This is a pre-production deployment of Warehouse, however changes made here WILL affect the production instance of PyPI.
Latest Version Dependencies status unknown Test status unknown Test coverage unknown
Project Description

ftw.tika

This product integrates Apache Tika for full text indexing with Plone by providing portal transforms to text/plain for the various document formats supported by Tika.

Compatibility

ftw.tika is compatible with Plone 4.x and the Tika versions listed below (Plone and Tika versions can be mixed and matched).

Tika 1.5   Plone 4.1
Tika 1.6   Plone 4.2
Tika 1.7   Plone 4.3
Tika 1.8    
Tika 1.9    
Tika 1.10    
Tika 1.11    

Supported Formats

Input Formats

  • Microsoft Office formats (Office Open XML)
    • *.docx Word Documents
    • *.dotx Word Templates
    • *.xlsx Excel Sheets
    • *.xltx Excel Templates
    • *.pptx Powerpoint Presentations
    • *.potx Powerpoint Templates
    • *.ppsx Powerpoint Slideshows
  • Legacy Microsoft Office (97) formats
  • Rich Text Format
  • OpenOffice ODF formats
  • OpenOffice 1.x formats
  • Common Adobe formats (InDesign, Illustrator, Photoshop)
  • PDF documents
  • WordPerfect documents
  • E-Mail messages

See the mimetypes module for details on the MIME types corresponding to these formats.

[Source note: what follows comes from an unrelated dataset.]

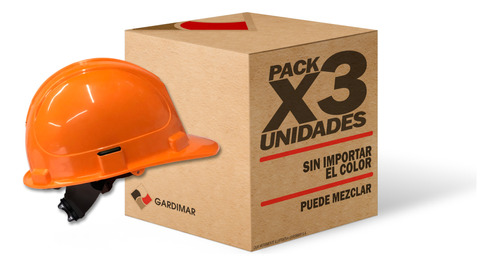 Casco De Seguridad Para Obras - Aprobado Iso, Unit, Iram X3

Formats supported by Tika, but not wired up (yet)

  • Electronic Publication Format
  • Compression and packaging formats
  • Audio formats
  • Image formats
  • Video formats
  • Java class files and archives
  • The mbox format

See the Supported Document Formats page on the Apache Tika Wiki for details.

Output Formats

  • text/plain

Installation

The preferred method to run the Tika JAX-RS server as a daemon. Although it is possible to run Tika without a daemon (by booting it up for each time a file is converted), the daemon is a lot faster.

Both methods require tika-app.jar to be downloaded and some ZCML configuration for ftw.tika. The daemon method also requires the JAX-RS tika-server.app to be downloaded.

Below are some configuration examples.

Daemon buildout example

See the included tika.cfg for a deamon example that you can adjust as necessary, copy into your buildout and extend from:

[buildout]
parts +=
    tika-app-download
    tika-server-download
    tika-server

[tika]
server-port = 9998
zcml =
    <configure xmlns:tika="http://namespaces.plone.org/tika">
        <tika:config path="${tika-app-download:destination}/${tika-app-download:filename}"
                     port="${tika:server-port}" />
    </configure>

[tika-app-download]
recipe = hexagonit.recipe.download
url = http://repo1.maven.org/maven2/org/apache/tika/tika-app/1.11/tika-app-1.11.jar
md5sum = c292fbb0b28fbe44f915229afb839db8
download-only = true
filename = tika-app.jar

[tika-server-download]
recipe = hexagonit.recipe.download
url = http://repo1.maven.org/maven2/org/apache/tika/tika-server/1.11/tika-server-1.11.jar
md5sum = 3c8fb21140213a2f3fbac770358034ab
download-only = true
filename = tika-server.jar

[tika-server]
recipe = collective.recipe.scriptgen
cmd = java
arguments = -jar ${tika-server-download:destination}/${tika-server-download:filename} --port ${tika:server-port} -includeStack

[instance]
zcml-additional = ${tika:zcml}
eggs += ftw.tika

Note

The -includeStack command line option for the Tika JAXRS server is only available for Tika >= 1.8. If you’re using an older version of Tika, omit it from the arguments. The option will make the Tika JAXRS server return Java stack traces in the response body in case of conversion failures, and therefore allow ftw.tika to provide more detailed error logging.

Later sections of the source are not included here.